Personal information
- Full name: Eustace Lorenz Pereira
- Born: 4 July 1939 (age 87) Colombo, Western Province, Ceylon
- Batting: Left-handed
- Bowling: Right-arm off break

Domestic team information
- 1962–1963: Cambridge University

Career statistics
| Competition | First-class |
| Matches | 2 |
| Runs scored | 11 |
| Batting average | 11.00 |
| 100s/50s | –/– |
| Top score | 8* |
| Catches/stumpings | –/– |
- Source: Cricinfo, 26 January 2022

= Lorenz Pereira =

Sri Lankan cricketer

Eustace Lorenz Pereira (born 4 July 1939) is a Sri Lankan former first-class cricketer.

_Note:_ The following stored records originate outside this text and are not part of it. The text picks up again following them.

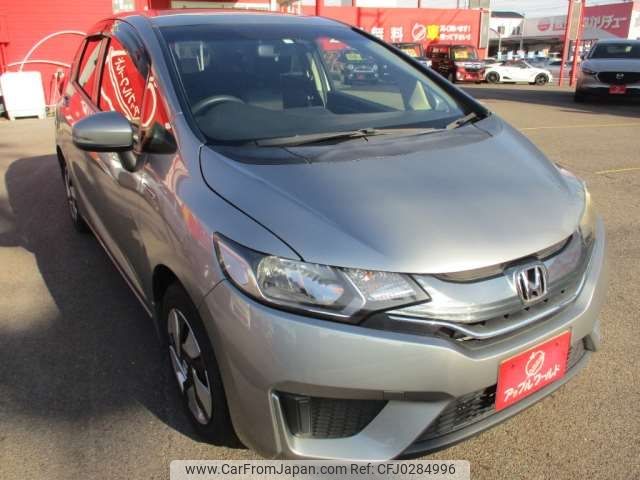 honda fit 2014 -HONDA 【三河 502ﾎ3037】--Fit DAA-GP5--GP5-3058639---HONDA 【三河 502ﾎ3037】--Fit DAA-GP5--GP5-3058639- image 1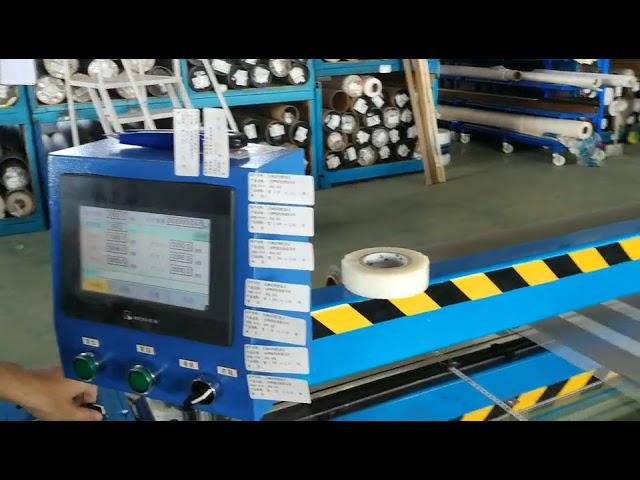 Digital Cutting Machine for ZEBRA BLINDS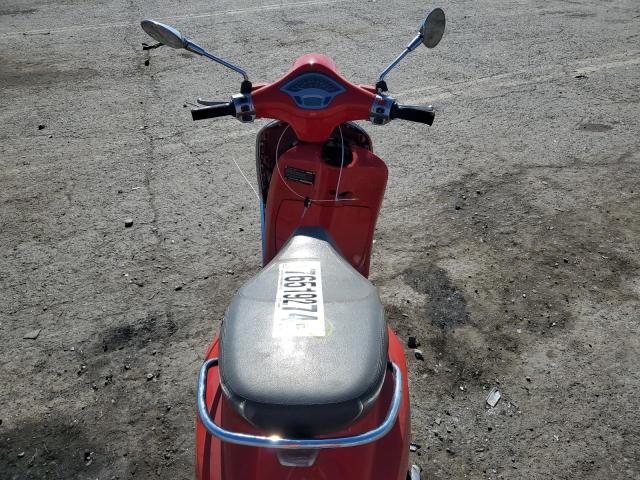 2015 VESPA PRIMAVERA ZAPC536BXF5101307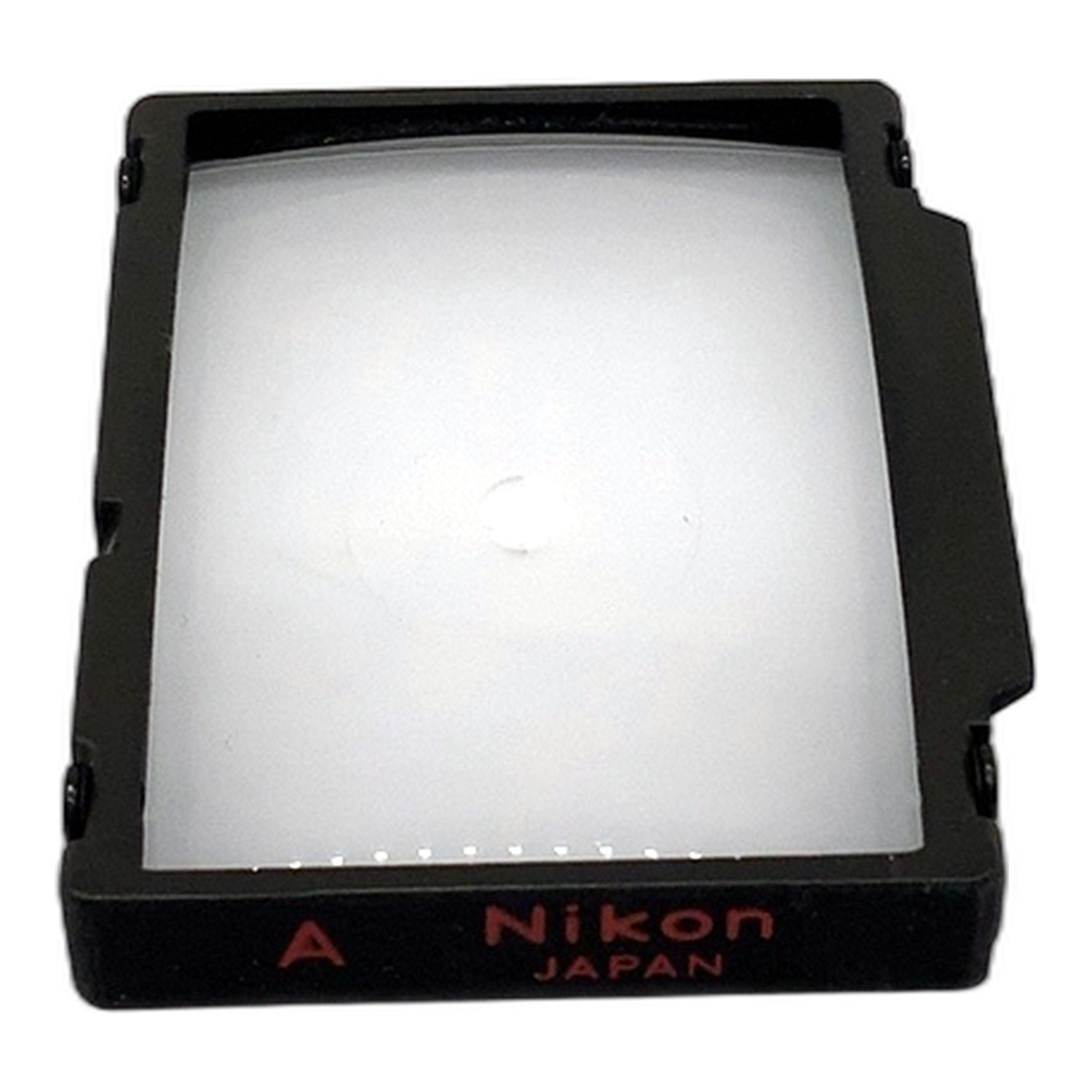 Nikon Type A Mattscheibe in OVP Camera Accessory Fotozubehör Kamerazubehör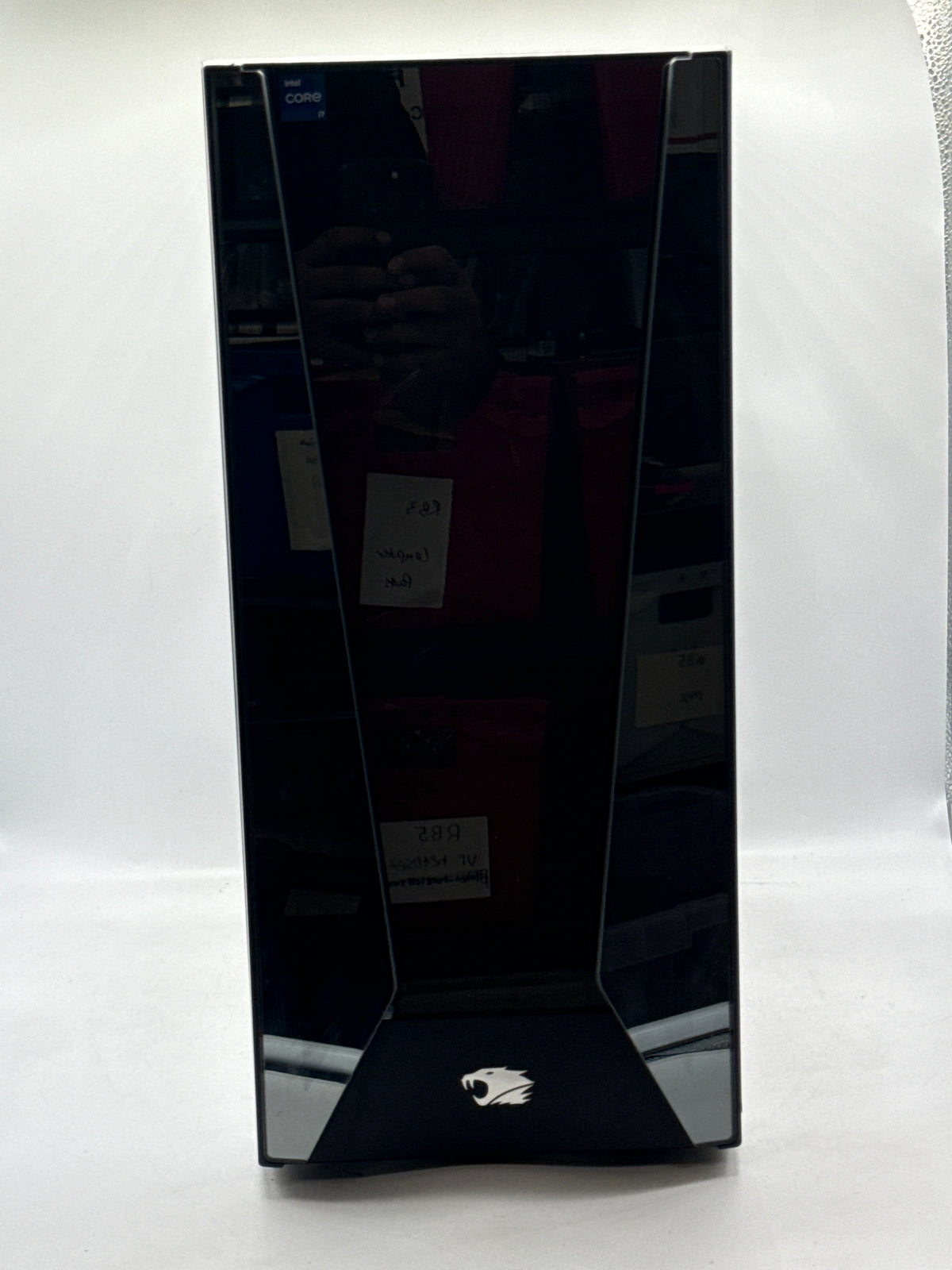 iBuyPower Custom Gaming Desktop i7-12700KF 16GB RAM 1TB SSD RTX 5070 - Used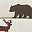 Polar Bears Reindeers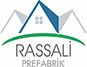 Rassali Prefabrik Logo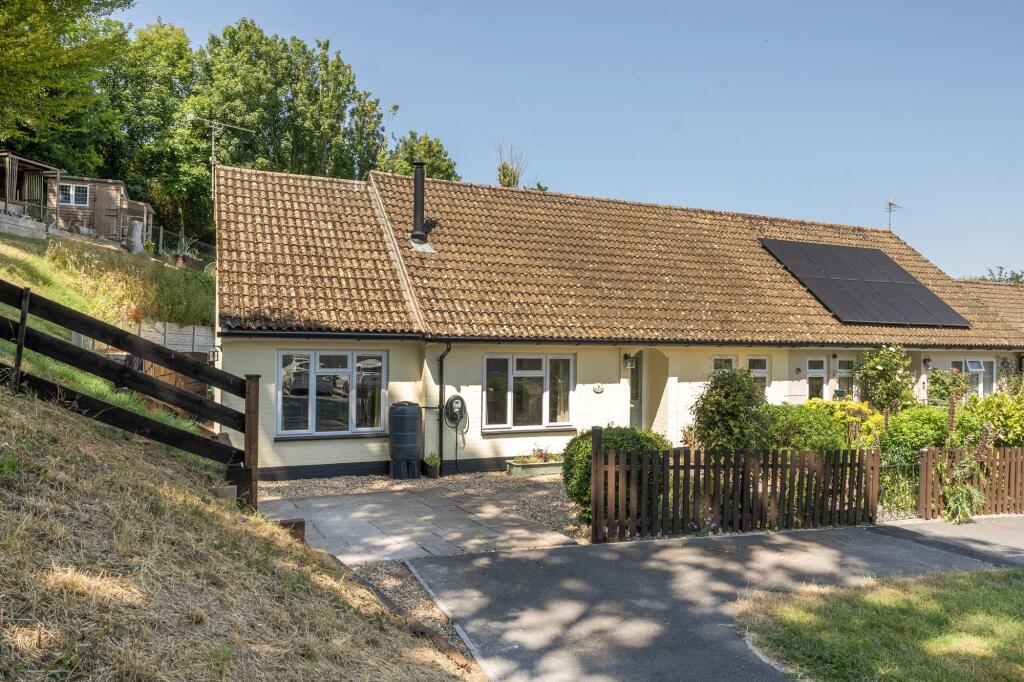 3-bed semi-detached on The Croft, Newton Toney, SP4, £350,000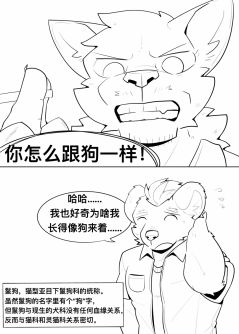 鬣狗不是狗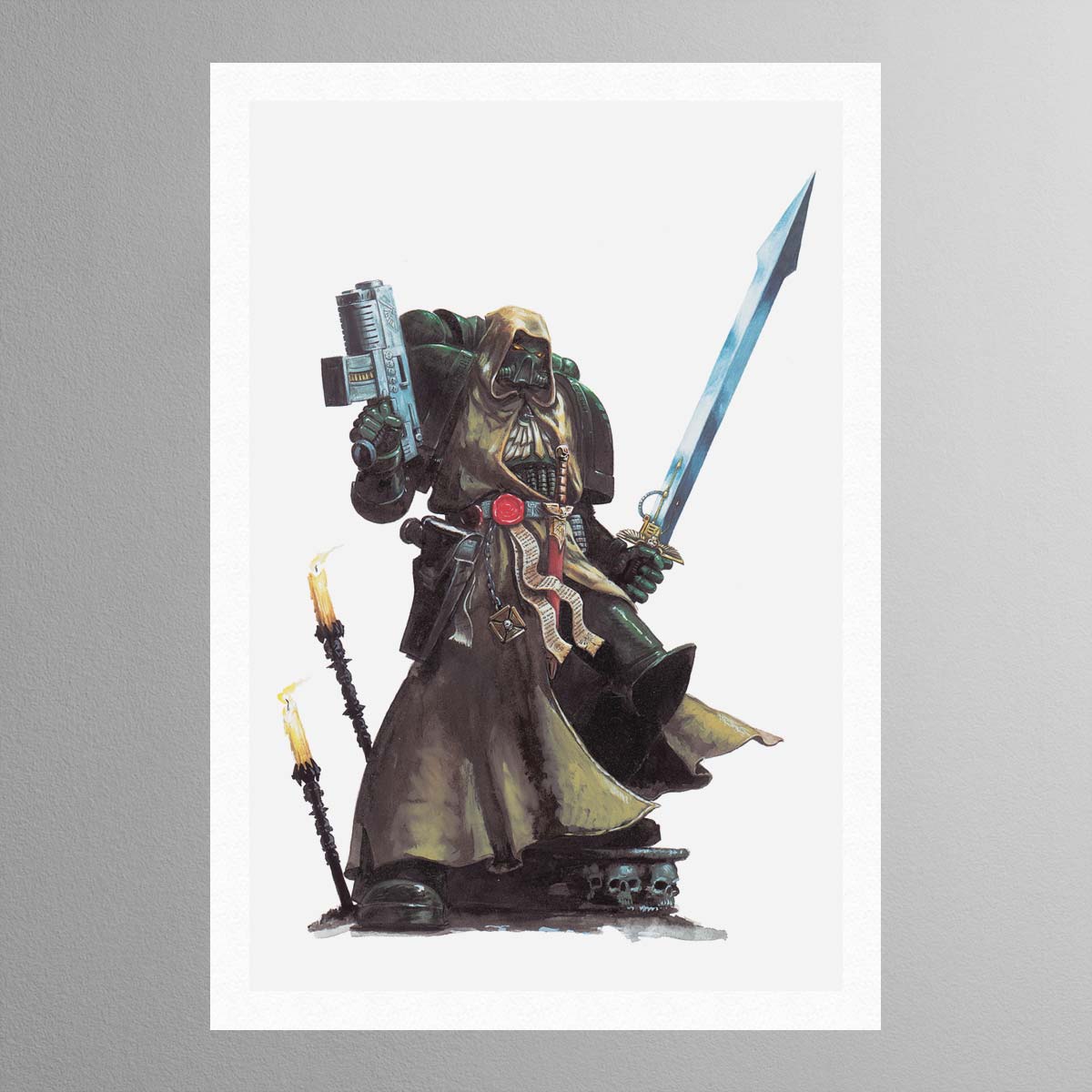 Space Marine Veteran - Image 3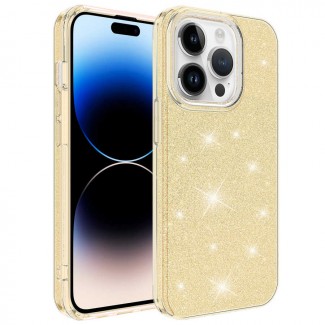 Apple iPhone 14 Pro Max Kılıf Zore Shining Silikon Apple iPhone 14 Pro Max Kılıf Zore Shining Silikon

The son of E. O. E. Pereira, he was born at Colombo in July 1939. Pereira was educated at Royal College in Colombo, where he played for the college cricket team. From there he travelled to England to study at Fitzwilliam College, Cambridge. While studying at Cambridge, he played first-class cricket for Cambridge University Cricket Club in 1962 and 1963, making one appearance against the Free Foresters in 1962 and Nottinghamshire in 1962. He scored 11 runs in these matches, with a highest score of 8 not out.

After graduating from Cambridge he returned to Sri Lanka, before emigrating to Australia where he worked for and Town and Country Planning Board in Victoria, eventually becoming a senior city planner in Melbourne. Amongst his achievements was the introduction of the retractable roof on the Rod Laver Arena.